I suggest to your attention some excerpts from my paper on two Russian postmodernisms and their interrelationship with the Western one. The paper was presented at the MLA conference in December 1991, at the same panel with Marjorie Perloff’s and Barrett Watten’s papers now proposed for this discussion. Also, I will cite several passages from my recent pamphlet (of a very limited circulation) arguing for the purely “ideological,” “Eastern” version of postmodernism as opposed to Fredric Jameson’s influential theory which connects postmodernism with the economic basis of the “late capitalism” and therefore denies its possibility in non-Western countries (Mikhail Epstein, Relativistic Patterns in Totalitarian Thinking: An Inquiry into Soviet Ideological Language. Kennan Institute of Advanced Russian Studies. Occasional Papers, # 243. Washington: Woodrow Wilson International Center for Scholars, 1991). What I am going to say does not reflect latest interesting developments in Russian criticism where the question of “post-modernism” became as focal as the concept of “socialist realism” was in the 1930s (this is not an arbitrary connexion: actually, the later stage of post-modernism comes to succeed the earlier one). In particular, I would like to address you to the articles of Vyacheslav Kuritsyn “Post-modernism: new ancient culture” and Sergei Nosov “Literature and Play,” accompanied by editorial comments in Novyi Mir (Moscow), 1992, No.2. pp.225–239.

First of all, I want to discuss “the origins and the meaning of Russian postmodernism,” taking the idiom from the famous work of Nikolai Berdiaev The Origins and the Meaning of Russian Communism (Istoki i smysl russkogo kommunizma, Paris, 1955). Communist teachings came to Russia from Western Europe and seemed at first completely alien to this backward semi-Asiatic country; however Russia turned out to be the first nation to attempt to enact these teachings on a world-wide scale. Berdiaev has shown convincingly that communism was intimately linked to the entire spirit of Russian history long before Russia learned anything about Marxism.
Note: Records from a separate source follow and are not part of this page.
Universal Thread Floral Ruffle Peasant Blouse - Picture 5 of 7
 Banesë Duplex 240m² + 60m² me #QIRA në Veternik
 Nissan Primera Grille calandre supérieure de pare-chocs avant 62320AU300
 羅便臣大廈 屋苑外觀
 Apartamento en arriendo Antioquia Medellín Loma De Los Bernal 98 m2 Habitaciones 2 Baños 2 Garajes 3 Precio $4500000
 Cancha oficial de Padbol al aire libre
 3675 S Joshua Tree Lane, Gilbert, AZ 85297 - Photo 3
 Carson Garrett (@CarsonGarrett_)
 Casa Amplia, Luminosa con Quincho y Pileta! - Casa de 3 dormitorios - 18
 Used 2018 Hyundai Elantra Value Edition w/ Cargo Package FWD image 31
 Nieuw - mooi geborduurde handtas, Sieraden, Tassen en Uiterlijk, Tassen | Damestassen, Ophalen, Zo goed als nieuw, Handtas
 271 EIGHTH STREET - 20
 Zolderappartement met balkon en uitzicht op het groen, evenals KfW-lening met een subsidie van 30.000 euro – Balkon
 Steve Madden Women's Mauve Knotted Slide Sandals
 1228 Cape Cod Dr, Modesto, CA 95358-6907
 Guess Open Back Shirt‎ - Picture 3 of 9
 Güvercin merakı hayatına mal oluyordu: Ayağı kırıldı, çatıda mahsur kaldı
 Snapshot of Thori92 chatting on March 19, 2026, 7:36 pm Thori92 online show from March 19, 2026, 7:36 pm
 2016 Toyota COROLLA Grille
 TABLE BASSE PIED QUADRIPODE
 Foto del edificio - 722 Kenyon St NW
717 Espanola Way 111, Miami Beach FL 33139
The same paradox, in my view, relates to the problem of Russian postmodernism. A phenomenon which seemed to be purely Western, in the final analysis exposes its lasting affinity with some principal aspects of Russian national tradition.

Among the different definitions of postmodernism, I would single out as the most important the production of reality as a series of plausible copies, or what the French philosopher Baudrillard calls “simulation.” Other features of postmodernism such as the waning of comprehensive theoretical metanarratives or the abolishment of the oppositions between high and low, elitist and mass culture, seem derivative of this phenomenon of hyperreality. Models of reality replace reality itself which therefore becomes irrecoverable.

Indeed, the previous dominant trends in Western twentieth century culture such as avant-gardism and modernism were elitist in that they pitted themselves against the reality of mass society either because of an alienation from it (modernism) or because of an effort to transform it in a revolutionary way (avant-gardism). As for metanarratives such as Marxism and Freudianism, their main point was to unmask the illusions of consciousness (ideological perversions) in order to disclose the genuine reality of material production or libidinal energy.

Yet once the concept of reality ceases to operate, these metanarratives, which appealed to reality, and elitist arts, which opposed it, begin to wane.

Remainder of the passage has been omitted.